### EXERCISE DETAILS
Give again, unaltered, the lines of the listing below that run from the line having "Zitat von Helmut Kohl 2" through the line having "Cloudberries Rooster - 1000".

■ ■ ■ ■ ■ ■ ■

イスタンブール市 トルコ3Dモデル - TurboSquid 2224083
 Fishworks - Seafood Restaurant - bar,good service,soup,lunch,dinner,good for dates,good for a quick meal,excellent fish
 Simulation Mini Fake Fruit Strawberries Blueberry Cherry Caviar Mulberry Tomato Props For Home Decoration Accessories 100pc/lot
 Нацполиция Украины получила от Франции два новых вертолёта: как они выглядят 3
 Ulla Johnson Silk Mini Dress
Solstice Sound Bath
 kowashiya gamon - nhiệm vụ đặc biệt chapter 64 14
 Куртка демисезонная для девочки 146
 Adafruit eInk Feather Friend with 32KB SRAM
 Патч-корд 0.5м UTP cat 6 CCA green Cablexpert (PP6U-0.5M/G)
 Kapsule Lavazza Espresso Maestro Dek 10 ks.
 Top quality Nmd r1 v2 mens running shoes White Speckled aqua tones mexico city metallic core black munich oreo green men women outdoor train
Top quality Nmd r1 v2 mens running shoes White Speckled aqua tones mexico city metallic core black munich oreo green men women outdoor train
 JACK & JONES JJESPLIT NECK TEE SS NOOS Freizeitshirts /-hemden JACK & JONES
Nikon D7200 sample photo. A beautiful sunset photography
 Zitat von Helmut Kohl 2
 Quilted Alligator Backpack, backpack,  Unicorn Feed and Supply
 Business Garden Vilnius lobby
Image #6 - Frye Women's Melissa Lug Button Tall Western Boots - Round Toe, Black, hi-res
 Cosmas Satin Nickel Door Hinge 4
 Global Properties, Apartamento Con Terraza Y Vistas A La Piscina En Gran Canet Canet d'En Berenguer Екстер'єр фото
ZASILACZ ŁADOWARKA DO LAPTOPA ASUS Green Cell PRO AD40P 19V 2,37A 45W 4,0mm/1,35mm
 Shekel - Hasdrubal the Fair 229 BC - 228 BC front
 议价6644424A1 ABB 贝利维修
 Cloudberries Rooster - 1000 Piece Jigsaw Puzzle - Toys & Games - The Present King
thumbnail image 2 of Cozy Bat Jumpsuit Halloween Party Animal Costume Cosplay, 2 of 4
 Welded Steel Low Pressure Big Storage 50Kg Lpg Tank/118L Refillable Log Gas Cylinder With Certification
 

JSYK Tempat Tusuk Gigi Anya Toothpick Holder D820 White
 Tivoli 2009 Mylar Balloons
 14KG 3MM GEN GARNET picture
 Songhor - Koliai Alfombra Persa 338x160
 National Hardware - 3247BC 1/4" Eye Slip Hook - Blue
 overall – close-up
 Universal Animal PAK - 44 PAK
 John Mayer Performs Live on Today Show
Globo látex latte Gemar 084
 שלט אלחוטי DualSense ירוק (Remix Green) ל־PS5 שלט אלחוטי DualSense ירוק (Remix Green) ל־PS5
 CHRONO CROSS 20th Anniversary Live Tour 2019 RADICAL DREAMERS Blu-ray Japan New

■ ■ ■ ■ ■ ■ ■

### COMPLETED TASK
 Zitat von Helmut Kohl 2
 Quilted Alligator Backpack, backpack,  Unicorn Feed and Supply
 Business Garden Vilnius lobby
Image #6 - Frye Women's Melissa Lug Button Tall Western Boots - Round Toe, Black, hi-res
 Cosmas Satin Nickel Door Hinge 4
 Global Properties, Apartamento Con Terraza Y Vistas A La Piscina En Gran Canet Canet d'En Berenguer Екстер'єр фото
ZASILACZ ŁADOWARKA DO LAPTOPA ASUS Green Cell PRO AD40P 19V 2,37A 45W 4,0mm/1,35mm
 Shekel - Hasdrubal the Fair 229 BC - 228 BC front
 议价6644424A1 ABB 贝利维修
 Cloudberries Rooster - 1000 Piece Jigsaw Puzzle - Toys & Games - The Present King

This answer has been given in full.